The 2023 UEFA Super Cup will be the 48th edition of the UEFA Super Cup, an annual football match organised by UEFA and contested by the reigning champions of the top two European club competitions, the UEFA Champions League and the UEFA Europa League. The match will feature the winners of the 2022–23 UEFA Champions League and the 2022–23 UEFA Europa League. It will be played at the Karaiskakis Stadium in Piraeus, Greece, on 16 August 2023.

The match was originally scheduled to be played at the Ak Bars Arena in Kazan, Russia. However, due to the 2022 Russian invasion of Ukraine, the match was moved on 25 January 2023 to Piraeus.

Real Madrid are the defending champions.

Venue

Original host selection
The Ak Bars Arena in Kazan, Russia, was originally selected as the final host by the UEFA Executive Committee during their meeting in Amsterdam, Netherlands, on 2 March 2020. The Albanian Football Association also had bid for the match to be hosted in Tirana, but withdrew the candidature prior to the vote.

The match would have been the first UEFA Super Cup to be held in Russia, and the second UEFA club competition final to be held in the city after the 2009 UEFA Women's Cup Final.
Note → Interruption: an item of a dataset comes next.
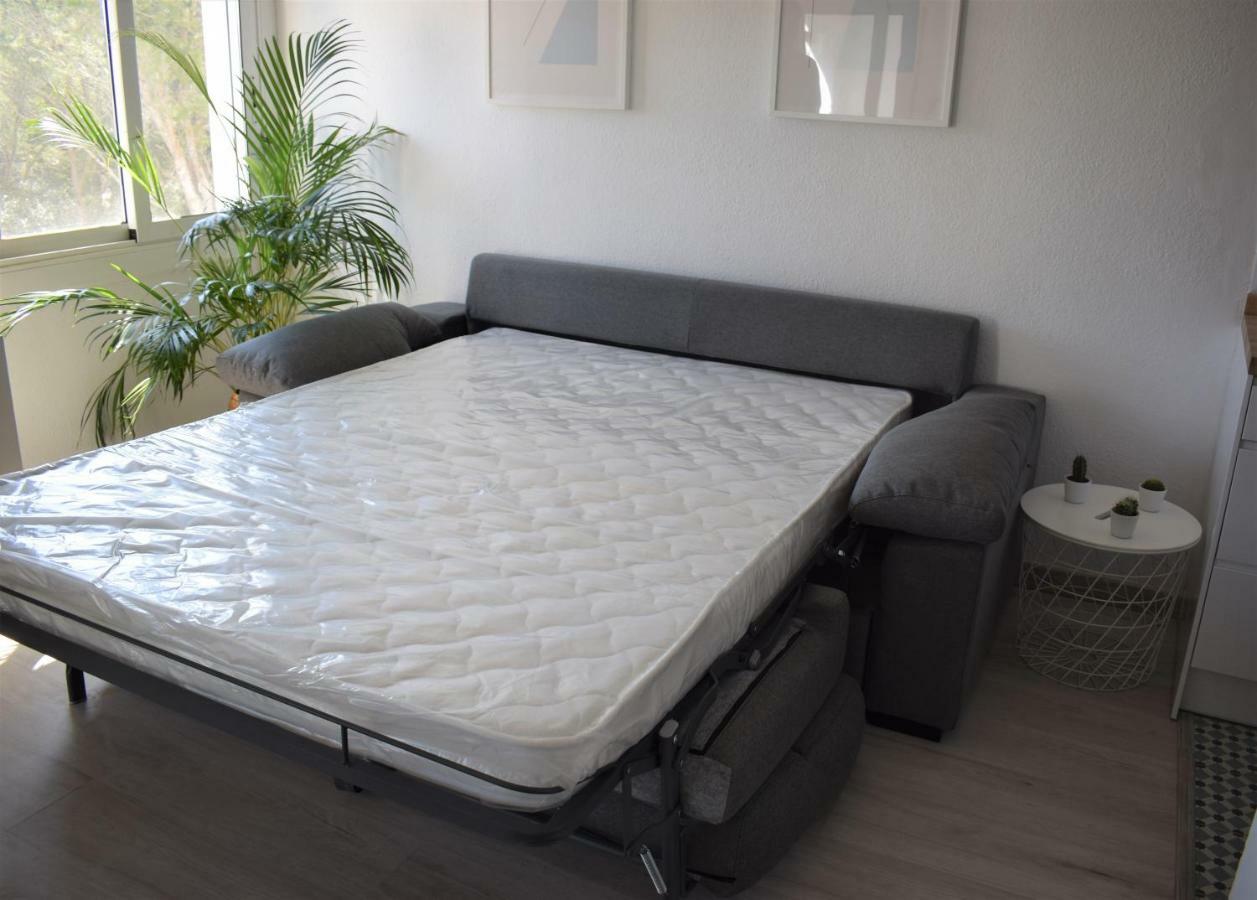 La Pineda Apartamento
The stadium was previously a venue for the 2017 FIFA Confederations Cup, where it hosted three group stage matches and a semi-final, and the 2018 FIFA World Cup, where it hosted four group stage matches, a round of 16 fixture and a quarter-final.

Relocation to Piraeus
After the 2022 Russian invasion of Ukraine, it was uncertain whether the match would be played in Kazan. Russia was suspended from UEFA and FIFA competitions in February 2022, and the 2022 UEFA Champions League Final, scheduled for Saint Petersburg, was also relocated to Paris. Tatarian officials had called for UEFA to leave the competition in Kazan.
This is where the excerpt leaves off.